Friday, June 4, 2010

Third Grade

Washington School, Canon City: Grades 3 & 4. Building no longer exists, only the bell.

Oh, Frabjeous Day! School's out, teacher's let the monkeys out. "No more pencils, no more books, no more teachers' dirty looks."

But short-lived, and all too soon September returns again. The boy is going to a "new" school this year. That is to say, to the building where is housed grades three through five. I don't know why this structure, I just report, you decide. The main change in the school day routine is that now instead of walking half-mile to the north, The Boy must walk half-mile south.

Total report on inside-the-classroom for this year: 1) The Boy got his knuckles whacked once for something or other, and 2) he could not tell you the name of the teacher if his life literally depended upon it.

On the playground, the little guy found his metier, so to speak. For his father had taught him the correct method of shooting marbles. He was virtually undefeatable. The favorite game was a "golf" style game played with a rectangular array of holes in the dirt, with a fifth hole in the center. Plenty of marbles were thrown into a ring, too, and The Boy could knock the dickens out of them. There was, however, a small problem attendant to this exercise, which was The Boy, son of a preacher man, was not allowed, in fact was taught it was wrong, to play for "keeps." He could have been the richest marble miser on the East Slope of the Rockies, if only.

Yet another entertainment, almost as important as the playing of marbles itself, was the trading of marbles. The kids had them all categorized and had developed some sort of table of values in their heads, a virtual Kelly Blue Book of marbledom. The Boy specialized in the collection of "cons" (he lived in a prison town.) This required shrewd dealing, because cons* were worth three or four, or even more glassies.

Oooh, how The Boy hated to hear the bell that ended recess. Ended life, really it did, until the next time they were released to the playground.

*Cons were basic white marbles with gray striping. Get it?

5 comments:

Jim said...

Okay, why was it okay to trade marbles but not win them?p

Secondary Roads said...

Yah, I get it. I was more into comic book swaps than marble games. The ditty we used to recite at the end of the school year was:
School's out. School's out.
Teacher let the fools out.
Open the door and ring the bell.
Tell the teacher that she's swell.

At least that the way I choose to remember it.

Vee said...

Whatever happened to marbles and jacks as favored playground activities?

Lin said...

Playground?? Our kids could barely cram their lunches down in the short time they had for lunch break, more or less have time for jacks or marbles. Teachers unions have killed our school day--reducing the time for lunch/recess to 20 minutes. It's sad for the kids not to have that time for such fun. Recess was a blast when I was a kid.

vanilla said...

Chuck, my friend Wes and I kept our "shared comics collection" at his house. Though our parents were ministers, his were perhaps a little less rigid. I did bring the comics home one or two at a time and when questioned as to origin, ownership, etc. I would say they belong to Wes. Conveniently forgetting to add "and me." I like the way you recall the verse.

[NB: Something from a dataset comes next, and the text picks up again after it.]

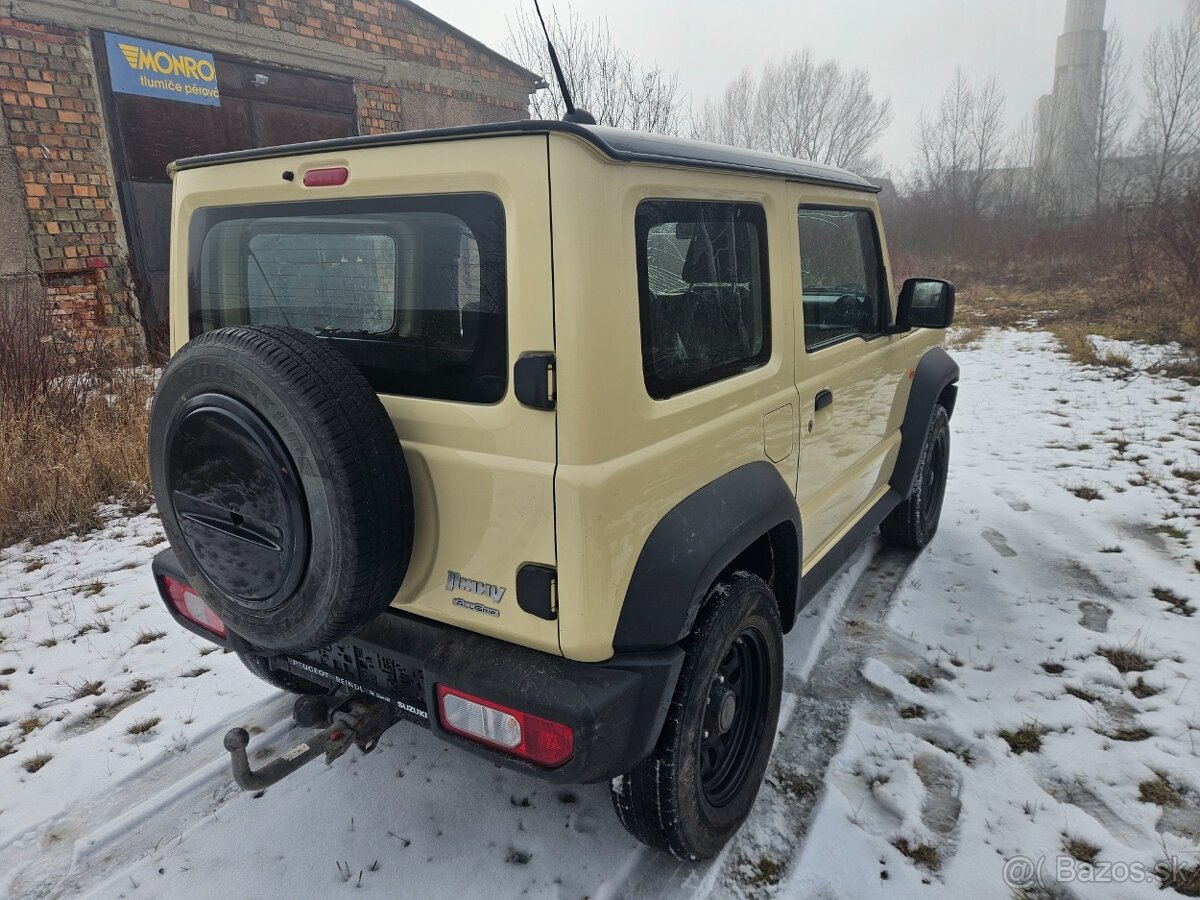 Suzuki Jimny 1.5 VVT 4x4, 4 místný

Vee, I don't know authoritatively exactly when and how those wholesome pastimes disappeared, but it happened somewhere between the time I finished elementary school as a student and started elementary school again as a teacher.
During that time frame the following occured:
1) Television became pretty much universally broadcast and pretty much received in most American homes.
2) Ray Kroc's enterprise pretty much overspread the country like a fast-growing fungus.
3) Many homes, it seems to me, became "roosting places" for the few hours between the time frenetic activities ended and the alarm sounded to awaken the inhabitants to another round of more of the same.
I am not necessarily making an argument that there is a cause/effect relationship to be inferred. I understand that in certain technologically less advanced parts of the world, marbles (and perhaps jacks) are sill played.

Jim, the second is gambling, which is a vice; the first is commerce. If I were to "put up" a bunch of marbles against a bunch of yours for a shootout, winner take all, one of us would go home deprived, the other sated. Oh, and should I happen to know that you didn't have a chance, I would be running a con. Mom didn't want to raise a hustler. (I wasn't allowed to play pool, either.) If we are trading marbles, we come to an ageement that is mutually satisfactory, each of us getting something we want. Suppose I offer to trade to you my 2009 Escalade and my 50" HDTV for your cherry 1964 Pontiac Catalina Safari. You have the option to trade or refuse. Either way, no one is hurt. Always happy to provide an ethical insight. ;>) btw, I don't have an Escalade.

Amen, Sister. Preach it Lin. I was a school principal for eighteen years, and had to fight tooth and nail to keep recess times for the kids. I think we still have a couple (I've seen kids on the playground from time to time) but it is a shame that children today are not allowed time for free play and kid-to-kid interaction without some adult "organizing" everything.